Personally, I was surprised that Fannie Mae only slightly increased its rate forecasts in January. It believes that rates for 30-year, fixed-rate mortgages will average 3.2% over the current quarter. But, on the day its figures were published, we reported those for conventional loans were already up to 3.87%.

Do Fannie’s economists expect those rates to plummet later this month or in February or March and remain lower in the following quarters? If so, they know something that I don’t. And that their peers in Freddie and the MBA’s teams don’t, either, though I’m less optimistic than any of them.

Of course, given so many unknowables, the whole current crop of forecasts may be even more speculative than usual.

Find your lowest rate today

You should comparison shop widely, no matter what sort of mortgage you want.

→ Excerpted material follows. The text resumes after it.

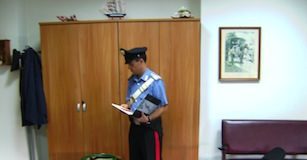 Ruba gasolio da ditta in cui lavora, denunciato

As federal regulator the Consumer Financial Protection Bureau says:

“Shopping around for your mortgage has the potential to lead to real savings. It may not sound like much, but saving even a quarter of a point in interest on your mortgage saves you thousands of dollars over the life of your loan.”

Verify your new rate (Jan 25th, 2022)

Mortgage rate methodology

The Mortgage Reports receives rates based on selected criteria from multiple lending partners each day. We arrive at an average rate and APR for each loan type to display in our chart. Because we average an array of rates, it gives you a better idea of what you might find in the marketplace. Furthermore, we average rates for the same loan types. For example, FHA fixed with FHA fixed. The end result is a good snapshot of daily rates and how they change over time.